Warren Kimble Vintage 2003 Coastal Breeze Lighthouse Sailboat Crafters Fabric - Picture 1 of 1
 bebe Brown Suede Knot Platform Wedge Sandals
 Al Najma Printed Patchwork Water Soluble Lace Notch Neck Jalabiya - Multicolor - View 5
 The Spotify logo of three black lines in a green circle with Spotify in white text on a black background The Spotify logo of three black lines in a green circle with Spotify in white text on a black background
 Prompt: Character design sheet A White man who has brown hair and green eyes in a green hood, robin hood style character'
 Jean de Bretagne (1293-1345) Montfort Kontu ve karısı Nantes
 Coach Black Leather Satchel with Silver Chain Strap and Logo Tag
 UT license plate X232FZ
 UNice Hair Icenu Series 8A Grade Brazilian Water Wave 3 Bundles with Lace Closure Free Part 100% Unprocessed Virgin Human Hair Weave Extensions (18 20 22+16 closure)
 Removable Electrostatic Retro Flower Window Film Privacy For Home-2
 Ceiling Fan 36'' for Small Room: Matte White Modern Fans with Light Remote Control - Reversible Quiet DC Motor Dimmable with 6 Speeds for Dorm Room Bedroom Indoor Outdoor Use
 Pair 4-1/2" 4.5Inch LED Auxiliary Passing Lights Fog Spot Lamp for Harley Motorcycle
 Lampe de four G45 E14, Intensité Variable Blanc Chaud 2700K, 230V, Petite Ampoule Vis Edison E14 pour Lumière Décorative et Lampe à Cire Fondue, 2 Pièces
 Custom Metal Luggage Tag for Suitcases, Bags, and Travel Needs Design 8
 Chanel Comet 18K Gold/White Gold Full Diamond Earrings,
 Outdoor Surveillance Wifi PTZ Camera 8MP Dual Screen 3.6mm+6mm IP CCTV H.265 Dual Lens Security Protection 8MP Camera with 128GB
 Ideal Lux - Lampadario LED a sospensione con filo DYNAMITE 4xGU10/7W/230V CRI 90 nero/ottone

◆ ◆ ◆

_Problem to solve_. Here the job is to set down exactly the lines of the material above that fall between the one with "Ceiling Fan 36''" and the one with "for Harley Motorcycle", inclusive, and nothing beyond them.

_Finished exercise_.
 Ceiling Fan 36'' for Small Room: Matte White Modern Fans with Light Remote Control - Reversible Quiet DC Motor Dimmable with 6 Speeds for Dorm Room Bedroom Indoor Outdoor Use
 Pair 4-1/2" 4.5Inch LED Auxiliary Passing Lights Fog Spot Lamp for Harley Motorcycle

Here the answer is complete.